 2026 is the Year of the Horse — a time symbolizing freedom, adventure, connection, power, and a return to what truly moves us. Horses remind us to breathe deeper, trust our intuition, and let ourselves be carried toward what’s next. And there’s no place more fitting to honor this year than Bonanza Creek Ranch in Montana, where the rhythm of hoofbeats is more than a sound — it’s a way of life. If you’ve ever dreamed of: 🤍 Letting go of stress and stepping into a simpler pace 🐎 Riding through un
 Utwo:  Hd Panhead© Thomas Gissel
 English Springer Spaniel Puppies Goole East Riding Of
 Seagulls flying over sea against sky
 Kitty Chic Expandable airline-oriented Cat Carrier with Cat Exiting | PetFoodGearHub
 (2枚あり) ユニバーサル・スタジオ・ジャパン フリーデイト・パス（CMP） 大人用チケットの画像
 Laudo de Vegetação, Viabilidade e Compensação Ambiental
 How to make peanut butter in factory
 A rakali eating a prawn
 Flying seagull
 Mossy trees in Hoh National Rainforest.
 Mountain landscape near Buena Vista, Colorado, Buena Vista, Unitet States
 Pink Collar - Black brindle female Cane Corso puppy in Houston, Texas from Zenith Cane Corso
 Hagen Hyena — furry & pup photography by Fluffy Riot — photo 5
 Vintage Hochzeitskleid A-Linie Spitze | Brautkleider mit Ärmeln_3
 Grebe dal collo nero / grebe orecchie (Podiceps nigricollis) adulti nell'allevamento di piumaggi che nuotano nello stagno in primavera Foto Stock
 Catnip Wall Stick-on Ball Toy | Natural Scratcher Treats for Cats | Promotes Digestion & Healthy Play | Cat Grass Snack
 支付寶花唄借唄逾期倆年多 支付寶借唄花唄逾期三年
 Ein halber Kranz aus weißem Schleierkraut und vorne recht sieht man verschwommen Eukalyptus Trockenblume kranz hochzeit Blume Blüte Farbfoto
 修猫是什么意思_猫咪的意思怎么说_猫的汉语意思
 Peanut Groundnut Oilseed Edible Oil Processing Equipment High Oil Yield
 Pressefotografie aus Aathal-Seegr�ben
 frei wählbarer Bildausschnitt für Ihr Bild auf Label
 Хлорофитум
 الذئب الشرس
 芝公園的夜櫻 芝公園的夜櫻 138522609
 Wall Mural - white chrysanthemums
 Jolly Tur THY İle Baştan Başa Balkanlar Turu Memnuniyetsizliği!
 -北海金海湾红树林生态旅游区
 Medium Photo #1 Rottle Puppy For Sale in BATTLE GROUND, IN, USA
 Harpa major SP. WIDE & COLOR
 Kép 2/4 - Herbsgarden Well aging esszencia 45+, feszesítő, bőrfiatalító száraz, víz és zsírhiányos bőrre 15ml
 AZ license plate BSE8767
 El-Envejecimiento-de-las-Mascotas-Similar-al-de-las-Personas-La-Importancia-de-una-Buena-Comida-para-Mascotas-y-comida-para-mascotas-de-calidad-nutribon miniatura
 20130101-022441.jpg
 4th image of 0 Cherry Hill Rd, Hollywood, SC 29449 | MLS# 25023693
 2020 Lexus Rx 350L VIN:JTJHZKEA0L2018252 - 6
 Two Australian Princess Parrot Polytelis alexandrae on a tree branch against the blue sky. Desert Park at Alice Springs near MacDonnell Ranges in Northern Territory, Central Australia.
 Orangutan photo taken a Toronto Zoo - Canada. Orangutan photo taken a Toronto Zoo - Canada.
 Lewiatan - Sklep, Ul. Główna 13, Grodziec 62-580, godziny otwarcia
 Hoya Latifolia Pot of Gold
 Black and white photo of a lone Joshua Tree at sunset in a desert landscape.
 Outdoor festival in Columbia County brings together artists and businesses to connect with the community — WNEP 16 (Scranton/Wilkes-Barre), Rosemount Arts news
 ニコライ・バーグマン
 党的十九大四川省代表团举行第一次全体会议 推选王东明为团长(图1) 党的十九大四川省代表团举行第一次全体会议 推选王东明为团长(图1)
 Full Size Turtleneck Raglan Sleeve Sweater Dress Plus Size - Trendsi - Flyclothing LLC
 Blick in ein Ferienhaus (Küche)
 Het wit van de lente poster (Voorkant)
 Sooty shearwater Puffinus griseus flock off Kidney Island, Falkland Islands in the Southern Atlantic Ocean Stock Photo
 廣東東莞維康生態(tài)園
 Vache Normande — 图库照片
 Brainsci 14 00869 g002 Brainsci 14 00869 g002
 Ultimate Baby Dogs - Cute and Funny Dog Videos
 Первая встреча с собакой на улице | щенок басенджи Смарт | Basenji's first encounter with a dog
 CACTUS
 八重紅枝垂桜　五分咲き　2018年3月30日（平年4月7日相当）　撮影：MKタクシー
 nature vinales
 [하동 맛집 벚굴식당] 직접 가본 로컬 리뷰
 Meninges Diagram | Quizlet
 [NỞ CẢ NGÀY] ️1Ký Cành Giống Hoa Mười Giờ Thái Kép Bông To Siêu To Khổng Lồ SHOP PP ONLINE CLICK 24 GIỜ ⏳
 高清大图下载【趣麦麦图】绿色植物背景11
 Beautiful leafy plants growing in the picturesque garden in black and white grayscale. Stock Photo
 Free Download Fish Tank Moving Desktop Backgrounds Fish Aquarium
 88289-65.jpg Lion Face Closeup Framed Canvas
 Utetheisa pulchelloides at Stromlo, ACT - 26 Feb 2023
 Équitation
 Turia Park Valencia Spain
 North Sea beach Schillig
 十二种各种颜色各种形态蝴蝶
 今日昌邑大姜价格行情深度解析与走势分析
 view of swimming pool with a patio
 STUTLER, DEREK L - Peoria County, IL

※

● **Work to be completed**
Filter the entries down to the lines containing "against". Copy each of those lines.

● **Answer section**
 Seagulls flying over sea against sky
 Two Australian Princess Parrot Polytelis alexandrae on a tree branch against the blue sky. Desert Park at Alice Springs near MacDonnell Ranges in Northern Territory, Central Australia.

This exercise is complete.